%%

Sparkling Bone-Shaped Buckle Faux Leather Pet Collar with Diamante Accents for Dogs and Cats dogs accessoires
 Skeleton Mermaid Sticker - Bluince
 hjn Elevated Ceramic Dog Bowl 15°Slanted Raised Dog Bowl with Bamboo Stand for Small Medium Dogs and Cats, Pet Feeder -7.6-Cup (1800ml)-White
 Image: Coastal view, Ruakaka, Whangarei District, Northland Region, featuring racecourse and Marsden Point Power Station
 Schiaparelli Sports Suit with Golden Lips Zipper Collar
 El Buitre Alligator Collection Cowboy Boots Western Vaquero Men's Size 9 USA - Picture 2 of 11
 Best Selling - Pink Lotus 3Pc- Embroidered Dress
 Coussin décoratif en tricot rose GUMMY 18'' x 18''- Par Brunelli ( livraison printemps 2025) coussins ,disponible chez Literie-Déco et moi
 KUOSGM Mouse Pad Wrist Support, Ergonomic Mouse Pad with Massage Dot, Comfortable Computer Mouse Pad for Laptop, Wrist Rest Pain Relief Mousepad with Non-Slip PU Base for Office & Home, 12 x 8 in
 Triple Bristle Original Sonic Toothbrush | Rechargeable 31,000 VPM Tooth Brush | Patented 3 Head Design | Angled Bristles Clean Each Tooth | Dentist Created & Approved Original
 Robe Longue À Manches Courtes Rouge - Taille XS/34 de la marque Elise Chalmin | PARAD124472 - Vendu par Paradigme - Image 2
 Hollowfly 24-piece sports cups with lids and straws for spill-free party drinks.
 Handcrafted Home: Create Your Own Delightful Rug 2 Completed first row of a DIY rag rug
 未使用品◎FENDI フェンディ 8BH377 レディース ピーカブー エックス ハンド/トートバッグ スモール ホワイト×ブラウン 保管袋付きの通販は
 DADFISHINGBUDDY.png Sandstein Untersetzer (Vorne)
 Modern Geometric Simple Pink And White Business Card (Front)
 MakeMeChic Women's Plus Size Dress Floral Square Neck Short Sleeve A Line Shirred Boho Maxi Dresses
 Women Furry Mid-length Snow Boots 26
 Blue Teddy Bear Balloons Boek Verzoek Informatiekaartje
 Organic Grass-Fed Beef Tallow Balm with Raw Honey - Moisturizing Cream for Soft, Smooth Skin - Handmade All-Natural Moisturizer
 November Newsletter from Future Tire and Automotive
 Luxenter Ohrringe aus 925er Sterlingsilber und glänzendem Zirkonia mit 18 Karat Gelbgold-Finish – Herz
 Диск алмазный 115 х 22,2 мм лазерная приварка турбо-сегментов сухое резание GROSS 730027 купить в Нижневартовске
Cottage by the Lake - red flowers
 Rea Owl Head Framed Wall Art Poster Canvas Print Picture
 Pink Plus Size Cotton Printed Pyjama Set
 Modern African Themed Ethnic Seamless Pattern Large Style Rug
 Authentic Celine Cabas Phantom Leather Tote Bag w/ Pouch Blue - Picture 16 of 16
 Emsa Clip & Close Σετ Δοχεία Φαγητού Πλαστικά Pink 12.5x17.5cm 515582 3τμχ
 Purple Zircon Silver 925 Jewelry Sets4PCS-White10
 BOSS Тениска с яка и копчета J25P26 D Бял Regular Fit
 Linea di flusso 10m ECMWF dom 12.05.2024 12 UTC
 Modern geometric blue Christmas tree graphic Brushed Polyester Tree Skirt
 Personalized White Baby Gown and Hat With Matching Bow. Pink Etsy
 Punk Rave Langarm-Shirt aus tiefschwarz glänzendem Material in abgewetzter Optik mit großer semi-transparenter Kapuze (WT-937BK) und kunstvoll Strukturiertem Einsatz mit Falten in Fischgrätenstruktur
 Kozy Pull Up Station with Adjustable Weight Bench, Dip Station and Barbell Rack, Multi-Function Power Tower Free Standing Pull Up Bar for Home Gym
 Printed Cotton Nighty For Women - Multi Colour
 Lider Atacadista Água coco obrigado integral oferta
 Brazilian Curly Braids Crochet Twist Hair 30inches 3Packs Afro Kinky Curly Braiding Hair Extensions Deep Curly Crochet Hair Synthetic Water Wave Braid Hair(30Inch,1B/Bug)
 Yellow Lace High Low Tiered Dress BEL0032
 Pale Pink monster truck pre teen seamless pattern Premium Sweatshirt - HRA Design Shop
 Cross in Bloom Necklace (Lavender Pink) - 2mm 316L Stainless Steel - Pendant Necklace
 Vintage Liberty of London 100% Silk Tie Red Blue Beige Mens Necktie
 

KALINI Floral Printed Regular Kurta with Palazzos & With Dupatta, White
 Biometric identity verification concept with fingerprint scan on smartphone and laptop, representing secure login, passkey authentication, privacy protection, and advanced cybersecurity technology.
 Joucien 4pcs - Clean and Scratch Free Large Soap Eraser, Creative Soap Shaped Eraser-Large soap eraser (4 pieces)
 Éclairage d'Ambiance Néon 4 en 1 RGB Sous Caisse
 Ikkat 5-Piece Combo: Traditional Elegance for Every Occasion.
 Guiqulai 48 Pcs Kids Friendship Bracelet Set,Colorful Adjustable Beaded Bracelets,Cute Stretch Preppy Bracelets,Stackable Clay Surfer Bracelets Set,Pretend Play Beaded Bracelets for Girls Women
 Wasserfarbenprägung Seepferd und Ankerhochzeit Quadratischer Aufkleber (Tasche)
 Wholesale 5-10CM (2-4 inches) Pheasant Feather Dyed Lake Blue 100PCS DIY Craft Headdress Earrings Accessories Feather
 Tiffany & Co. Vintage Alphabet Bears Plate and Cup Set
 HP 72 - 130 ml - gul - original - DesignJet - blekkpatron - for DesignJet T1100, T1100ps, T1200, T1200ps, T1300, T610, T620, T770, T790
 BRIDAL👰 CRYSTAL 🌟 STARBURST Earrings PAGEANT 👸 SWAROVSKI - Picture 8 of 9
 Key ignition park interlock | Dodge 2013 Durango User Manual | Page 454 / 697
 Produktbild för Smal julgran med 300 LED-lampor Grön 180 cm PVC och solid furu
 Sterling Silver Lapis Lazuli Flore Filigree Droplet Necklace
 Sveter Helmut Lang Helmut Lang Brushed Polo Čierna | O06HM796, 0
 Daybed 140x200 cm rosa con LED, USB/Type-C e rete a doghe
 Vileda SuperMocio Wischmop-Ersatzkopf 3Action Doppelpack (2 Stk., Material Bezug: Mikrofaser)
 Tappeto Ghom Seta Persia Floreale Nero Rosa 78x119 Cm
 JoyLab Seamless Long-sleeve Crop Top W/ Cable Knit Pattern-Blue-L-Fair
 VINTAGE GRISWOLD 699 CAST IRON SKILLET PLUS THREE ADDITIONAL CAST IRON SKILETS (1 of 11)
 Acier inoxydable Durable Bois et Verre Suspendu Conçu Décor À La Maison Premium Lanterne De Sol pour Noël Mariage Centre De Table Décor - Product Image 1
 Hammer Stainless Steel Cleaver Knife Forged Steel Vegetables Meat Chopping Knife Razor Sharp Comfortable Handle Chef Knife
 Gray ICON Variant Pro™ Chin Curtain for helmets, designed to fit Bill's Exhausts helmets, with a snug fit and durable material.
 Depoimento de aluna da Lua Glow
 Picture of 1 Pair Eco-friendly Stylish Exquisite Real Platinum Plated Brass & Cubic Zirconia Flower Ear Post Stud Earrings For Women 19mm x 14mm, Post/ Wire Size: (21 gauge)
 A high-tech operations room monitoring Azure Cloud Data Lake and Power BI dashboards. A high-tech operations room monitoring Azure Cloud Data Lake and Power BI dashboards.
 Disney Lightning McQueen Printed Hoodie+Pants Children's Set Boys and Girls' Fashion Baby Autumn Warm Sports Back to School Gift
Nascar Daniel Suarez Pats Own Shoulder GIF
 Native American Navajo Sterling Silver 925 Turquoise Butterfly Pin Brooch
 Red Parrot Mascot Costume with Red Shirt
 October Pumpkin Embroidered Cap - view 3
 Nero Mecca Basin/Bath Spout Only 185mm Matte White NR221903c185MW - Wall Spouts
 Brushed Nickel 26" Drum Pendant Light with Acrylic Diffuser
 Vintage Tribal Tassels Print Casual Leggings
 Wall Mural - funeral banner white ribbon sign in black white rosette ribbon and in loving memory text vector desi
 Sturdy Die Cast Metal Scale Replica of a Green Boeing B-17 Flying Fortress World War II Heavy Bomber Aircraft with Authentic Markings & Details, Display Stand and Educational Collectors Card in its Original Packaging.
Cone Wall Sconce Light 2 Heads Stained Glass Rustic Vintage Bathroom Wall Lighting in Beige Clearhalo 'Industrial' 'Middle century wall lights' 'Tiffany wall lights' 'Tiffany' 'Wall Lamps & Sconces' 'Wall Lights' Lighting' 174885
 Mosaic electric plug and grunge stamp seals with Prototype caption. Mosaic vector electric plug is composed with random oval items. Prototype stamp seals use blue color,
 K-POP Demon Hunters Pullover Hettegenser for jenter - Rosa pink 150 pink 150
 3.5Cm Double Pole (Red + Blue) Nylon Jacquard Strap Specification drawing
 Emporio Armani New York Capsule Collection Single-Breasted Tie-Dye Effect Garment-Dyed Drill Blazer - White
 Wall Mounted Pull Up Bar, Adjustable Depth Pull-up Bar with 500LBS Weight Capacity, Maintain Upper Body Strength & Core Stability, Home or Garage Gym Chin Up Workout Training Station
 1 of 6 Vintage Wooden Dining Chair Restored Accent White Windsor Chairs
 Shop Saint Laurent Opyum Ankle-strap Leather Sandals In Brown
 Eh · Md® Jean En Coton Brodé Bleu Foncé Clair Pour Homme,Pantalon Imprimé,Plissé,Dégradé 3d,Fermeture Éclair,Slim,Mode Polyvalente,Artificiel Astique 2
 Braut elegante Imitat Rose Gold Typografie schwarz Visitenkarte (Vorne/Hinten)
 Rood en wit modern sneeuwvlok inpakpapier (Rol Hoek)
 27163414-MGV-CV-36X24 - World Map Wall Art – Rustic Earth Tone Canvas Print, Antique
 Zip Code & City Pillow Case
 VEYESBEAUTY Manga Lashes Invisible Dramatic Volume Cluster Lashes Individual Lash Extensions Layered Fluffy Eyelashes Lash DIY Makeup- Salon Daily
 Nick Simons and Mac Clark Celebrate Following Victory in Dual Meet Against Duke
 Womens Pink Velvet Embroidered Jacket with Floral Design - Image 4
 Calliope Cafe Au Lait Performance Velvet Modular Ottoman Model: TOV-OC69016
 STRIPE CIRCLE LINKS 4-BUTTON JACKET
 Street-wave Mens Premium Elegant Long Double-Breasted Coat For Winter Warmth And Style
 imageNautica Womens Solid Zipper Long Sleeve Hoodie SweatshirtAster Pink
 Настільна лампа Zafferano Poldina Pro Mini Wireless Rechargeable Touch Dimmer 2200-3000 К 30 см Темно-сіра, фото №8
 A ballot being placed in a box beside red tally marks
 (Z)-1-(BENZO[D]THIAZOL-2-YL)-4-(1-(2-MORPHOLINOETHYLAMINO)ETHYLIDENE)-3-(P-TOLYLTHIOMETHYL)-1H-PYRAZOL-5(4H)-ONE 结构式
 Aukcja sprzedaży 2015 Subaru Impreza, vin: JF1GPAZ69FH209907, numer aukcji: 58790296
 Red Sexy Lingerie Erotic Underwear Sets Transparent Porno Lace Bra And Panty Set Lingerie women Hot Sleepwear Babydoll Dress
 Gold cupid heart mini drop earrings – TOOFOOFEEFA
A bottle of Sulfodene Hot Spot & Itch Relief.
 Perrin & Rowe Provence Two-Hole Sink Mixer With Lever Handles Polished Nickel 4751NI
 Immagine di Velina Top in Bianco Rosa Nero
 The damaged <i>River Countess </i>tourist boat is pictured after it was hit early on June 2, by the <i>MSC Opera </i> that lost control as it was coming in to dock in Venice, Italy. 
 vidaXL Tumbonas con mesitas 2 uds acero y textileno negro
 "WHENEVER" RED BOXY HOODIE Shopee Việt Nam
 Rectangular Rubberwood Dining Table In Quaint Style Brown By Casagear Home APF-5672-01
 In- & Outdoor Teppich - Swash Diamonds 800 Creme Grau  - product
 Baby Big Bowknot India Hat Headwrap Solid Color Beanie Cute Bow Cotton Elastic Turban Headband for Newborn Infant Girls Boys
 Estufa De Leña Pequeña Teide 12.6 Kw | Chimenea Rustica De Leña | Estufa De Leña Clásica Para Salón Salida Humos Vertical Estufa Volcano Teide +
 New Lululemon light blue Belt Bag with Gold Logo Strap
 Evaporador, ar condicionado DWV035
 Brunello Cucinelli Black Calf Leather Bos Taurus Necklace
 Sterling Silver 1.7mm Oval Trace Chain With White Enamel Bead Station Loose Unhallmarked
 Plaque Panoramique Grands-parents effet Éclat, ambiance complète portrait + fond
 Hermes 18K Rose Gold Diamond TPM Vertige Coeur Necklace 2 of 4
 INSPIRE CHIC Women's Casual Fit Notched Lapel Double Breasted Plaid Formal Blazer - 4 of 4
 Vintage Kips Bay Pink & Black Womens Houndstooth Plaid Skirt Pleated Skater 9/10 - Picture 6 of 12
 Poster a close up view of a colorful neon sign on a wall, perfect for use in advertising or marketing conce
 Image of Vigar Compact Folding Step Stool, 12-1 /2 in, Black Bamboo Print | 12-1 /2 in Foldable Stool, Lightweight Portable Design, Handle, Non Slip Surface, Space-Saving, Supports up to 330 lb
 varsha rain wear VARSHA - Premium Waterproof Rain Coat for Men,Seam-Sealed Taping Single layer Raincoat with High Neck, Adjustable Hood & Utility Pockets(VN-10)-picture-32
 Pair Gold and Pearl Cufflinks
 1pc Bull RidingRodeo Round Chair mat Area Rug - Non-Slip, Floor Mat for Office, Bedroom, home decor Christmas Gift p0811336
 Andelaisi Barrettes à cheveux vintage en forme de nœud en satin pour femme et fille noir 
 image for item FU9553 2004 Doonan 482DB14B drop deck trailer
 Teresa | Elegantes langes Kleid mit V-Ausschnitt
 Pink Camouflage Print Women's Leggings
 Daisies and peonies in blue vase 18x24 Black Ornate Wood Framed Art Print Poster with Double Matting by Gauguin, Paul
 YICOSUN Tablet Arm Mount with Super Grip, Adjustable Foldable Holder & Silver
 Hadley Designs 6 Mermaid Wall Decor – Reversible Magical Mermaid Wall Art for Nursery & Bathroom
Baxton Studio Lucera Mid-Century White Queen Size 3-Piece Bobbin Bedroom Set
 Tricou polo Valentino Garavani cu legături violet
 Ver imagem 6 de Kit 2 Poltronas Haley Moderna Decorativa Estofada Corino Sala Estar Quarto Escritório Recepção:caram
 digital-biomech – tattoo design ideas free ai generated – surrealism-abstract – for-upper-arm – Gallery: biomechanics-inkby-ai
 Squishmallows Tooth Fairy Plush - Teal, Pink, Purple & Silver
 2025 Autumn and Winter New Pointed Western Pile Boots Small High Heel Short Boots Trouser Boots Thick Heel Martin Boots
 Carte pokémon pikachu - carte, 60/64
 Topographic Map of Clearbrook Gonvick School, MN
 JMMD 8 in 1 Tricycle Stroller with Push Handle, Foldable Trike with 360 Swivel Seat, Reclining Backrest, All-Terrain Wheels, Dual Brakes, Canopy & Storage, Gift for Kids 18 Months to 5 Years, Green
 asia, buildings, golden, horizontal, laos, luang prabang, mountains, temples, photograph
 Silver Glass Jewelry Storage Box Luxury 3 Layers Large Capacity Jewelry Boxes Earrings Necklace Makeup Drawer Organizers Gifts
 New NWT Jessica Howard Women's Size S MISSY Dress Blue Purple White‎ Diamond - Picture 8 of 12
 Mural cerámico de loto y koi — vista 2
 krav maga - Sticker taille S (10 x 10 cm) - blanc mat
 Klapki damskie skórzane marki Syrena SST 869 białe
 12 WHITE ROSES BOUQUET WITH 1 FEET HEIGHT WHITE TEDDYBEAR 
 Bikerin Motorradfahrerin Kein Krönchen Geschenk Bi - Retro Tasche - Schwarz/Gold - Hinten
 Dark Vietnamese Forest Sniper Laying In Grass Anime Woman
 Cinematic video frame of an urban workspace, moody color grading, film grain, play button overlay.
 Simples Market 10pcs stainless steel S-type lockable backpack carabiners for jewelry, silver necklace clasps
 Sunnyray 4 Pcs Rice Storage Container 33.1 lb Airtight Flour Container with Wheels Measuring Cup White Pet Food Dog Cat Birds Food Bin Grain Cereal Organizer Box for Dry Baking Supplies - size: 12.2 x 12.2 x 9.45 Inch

%%

In the records above, some lines may contain the word "Regular"; copy every one of them.

 BOSS Тениска с яка и копчета J25P26 D Бял Regular Fit
KALINI Floral Printed Regular Kurta with Palazzos & With Dupatta, White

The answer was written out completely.